Senior System Software Engineer - Data Platform Observability

at Nvidia
USD 184,000-287,500 per year
SENIOR
✅ On-site

Used Tools & Technologies

Not specified

Required Skills & Competences

Software Development @ 7 Ansible @ 4 Go @ 7 Grafana @ 4 Kubernetes @ 4 Prometheus @ 4 Terraform @ 4 Python @ 7 Spark @ 4 Java @ 7 Helm @ 4 JavaScript @ 7 React @ 7 Rust @ 7 Microservices @ 4 API @ 4 Audit @ 4 Compliance @ 4 OpenTelemetry @ 4 Observability @ 4 AI @ 4

Details

NVIDIA’s Hardware Infrastructure organization is seeking a Senior System Software Engineer to lead the evolution of the next-generation Data & Observability Platform.
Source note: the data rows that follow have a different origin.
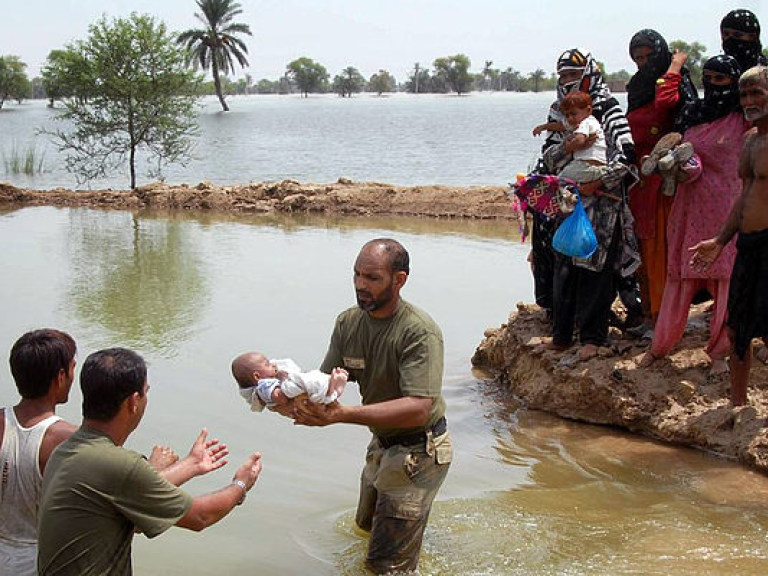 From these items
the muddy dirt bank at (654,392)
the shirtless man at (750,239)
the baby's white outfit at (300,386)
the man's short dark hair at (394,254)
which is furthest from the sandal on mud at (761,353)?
the baby's white outfit at (300,386)

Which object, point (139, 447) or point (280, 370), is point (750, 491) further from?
point (139, 447)

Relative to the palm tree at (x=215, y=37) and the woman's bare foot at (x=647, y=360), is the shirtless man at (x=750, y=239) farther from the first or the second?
the palm tree at (x=215, y=37)

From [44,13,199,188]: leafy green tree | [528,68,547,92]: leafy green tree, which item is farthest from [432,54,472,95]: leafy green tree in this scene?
[44,13,199,188]: leafy green tree

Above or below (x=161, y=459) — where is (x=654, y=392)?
below

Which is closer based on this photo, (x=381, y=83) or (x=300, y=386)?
(x=300, y=386)

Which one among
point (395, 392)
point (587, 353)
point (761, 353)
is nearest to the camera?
point (395, 392)

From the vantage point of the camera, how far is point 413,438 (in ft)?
14.5

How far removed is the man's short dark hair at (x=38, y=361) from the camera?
3.40 metres

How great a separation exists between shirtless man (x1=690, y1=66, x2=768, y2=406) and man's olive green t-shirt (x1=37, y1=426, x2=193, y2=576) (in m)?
3.99

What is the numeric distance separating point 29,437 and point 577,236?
14.0 ft

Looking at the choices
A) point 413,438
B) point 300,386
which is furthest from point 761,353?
point 300,386

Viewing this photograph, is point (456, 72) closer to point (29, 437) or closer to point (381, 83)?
point (381, 83)

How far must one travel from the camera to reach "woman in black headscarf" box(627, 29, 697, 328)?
23.3 ft

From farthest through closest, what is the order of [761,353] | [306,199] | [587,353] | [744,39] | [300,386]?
1. [306,199]
2. [587,353]
3. [761,353]
4. [744,39]
5. [300,386]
The team serves and collaborates with NVIDIA’s AI, hardware, and software engineering and research teams. The role is a full-stack technical lead responsible for the Observability stack and building a centralized platform used by thousands of NVIDIA engineers to visualize chip telemetry, debug distributed pipelines, and ensure platform reliability.

Responsibilities

  • Architect high-performance ingestion: design and build centralized telemetry pipelines capable of handling massive scale and solve global latency challenges by implementing modern, push-based edge collection architectures to replace legacy proxy models.
  • Build policy enforcement systems: design and implement infrastructure for data governance, policy engines, access control enforcement points, secure credential management, and audit logging (building governance controls into a platform, not just administering them).
  • Focus on user experience: develop a modern web interface and APIs that unify distinct observability signals into a consolidated user experience.
  • Optimize storage and cost: implement cost-effective tiered storage architectures and define strategies for routing high-volume data to cold storage solutions to reduce costs while maintaining multi-year data retention.
  • Drive platform automation: architect workflow orchestration systems to automate platform maintenance, data lifecycle management, and complex pipeline operations.
  • Provide operational and strategic data to empower engineers and researchers to continuously improve quality, workloads, and processes through better observability.

Requirements

  • BS or MS in Computer Science, Electrical Engineering, or related field (or equivalent experience).
  • 8+ years of full-stack software development experience with a focus on Data Platforms or Infrastructure Tools.
  • Strong full-stack fluency: proficiency in high-performance backend systems programming and modern frontend web frameworks for building responsive user interfaces (examples listed: Python, JavaScript, Java, Rust, Go, React, or similar).
  • Observability expertise: experience with platforms such as Apache Spark, Elastic/OpenSearch, Grafana, Prometheus, and other similar open-source tools. Hands-on experience operating and extending the Grafana ecosystem or ELK stack at scale. Understanding of internals of time-series databases and inverted indexes.
  • Infrastructure-as-code experience: deploying complex stateful services on Kubernetes using Helm, Terraform, or Ansible.
  • Familiarity with streaming and storage technologies and modern data lake formats.

Ways to Stand Out

  • Experience writing custom Grafana data source plugins or backend plugins in Go.
  • Background migrating legacy monoliths to microservices or Vector-based pipelines.
  • Experience with OpenTelemetry (OTEL) collector configuration, writing custom processors, or instrumentation SDKs.
  • Background in data governance, including implementation of Policy-as-Code or compliance frameworks in regulated environments.

Compensation & Benefits

  • Base salary range: 184,000 USD - 287,500 USD (determined based on location, experience, and pay of employees in similar positions).
  • Eligible for equity and company benefits (link to benefits referenced in original posting).

Other Information

  • Location listed: Santa Clara, CA, United States.
  • Employment type: Full time.
  • Applications accepted at least until March 1, 2026.
  • This posting is for an existing vacancy.
  • NVIDIA uses AI tools in its recruiting processes.
  • NVIDIA is an equal opportunity employer committed to fostering a diverse work environment.